Once the pictures are set aside, copy the data below exactly as it stands.

→ DATA BLOCK
══════════

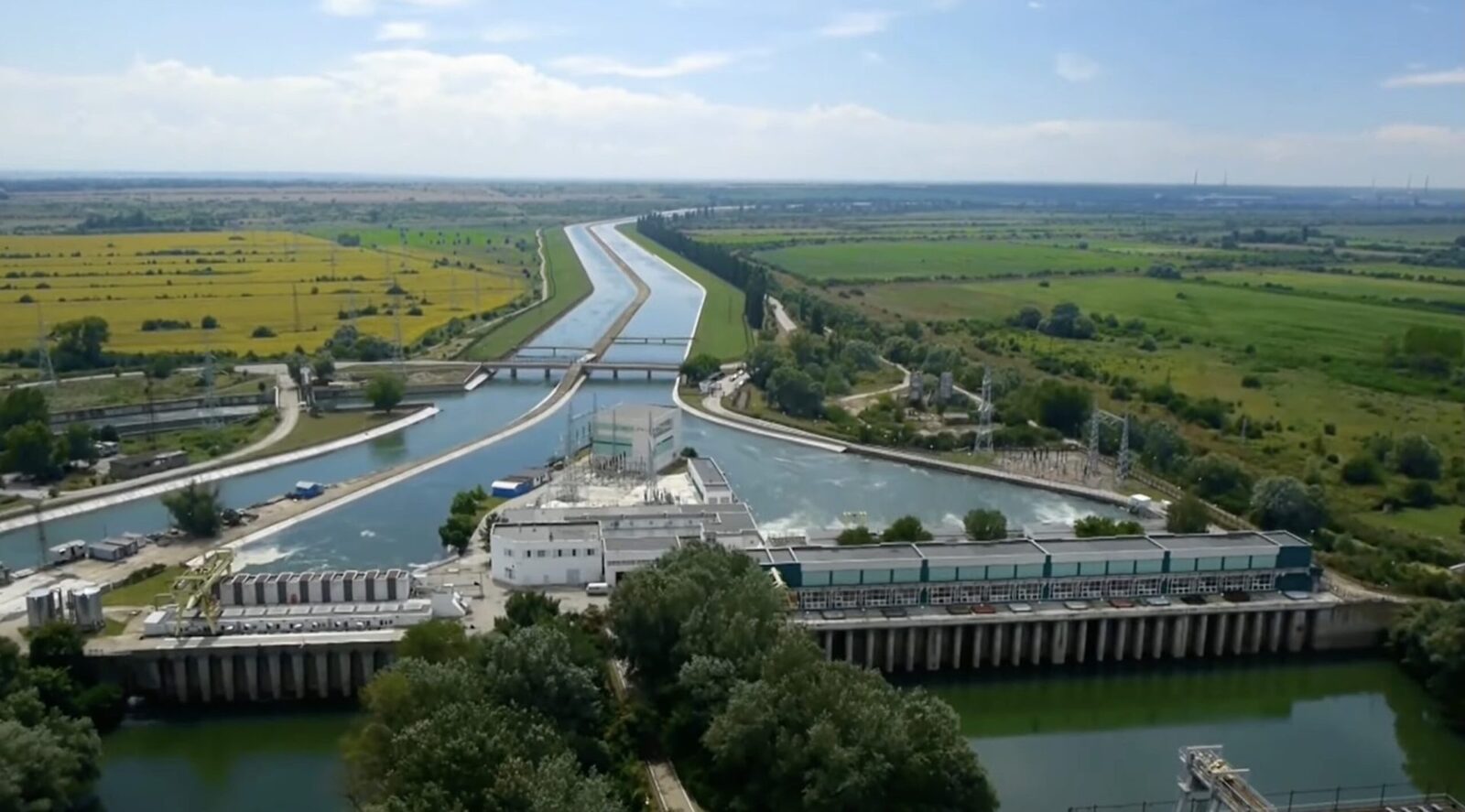 Kozlodui, sub presiune: Ce se întâmplă dacă Dunărea mai scade
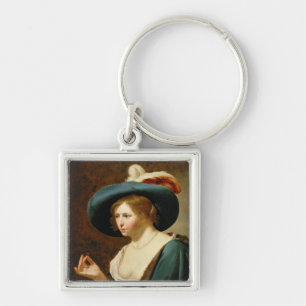 Chaveiro O Betrothal: A noiva, c.1630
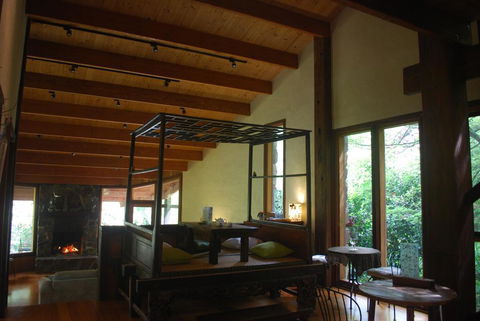 Rocky Creek Art Garden B&B - Kingaroy Accommodation 1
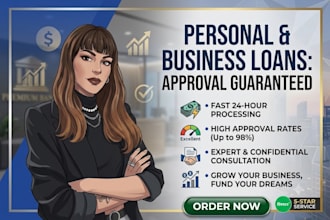 do loans approval application for personal loan and sba loan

══════════

→ RESPONSE FOR THIS EXERCISE
 Kozlodui, sub presiune: Ce se întâmplă dacă Dunărea mai scade
 Chaveiro O Betrothal: A noiva, c.1630
 Rocky Creek Art Garden B&B - Kingaroy Accommodation 1
 do loans approval application for personal loan and sba loan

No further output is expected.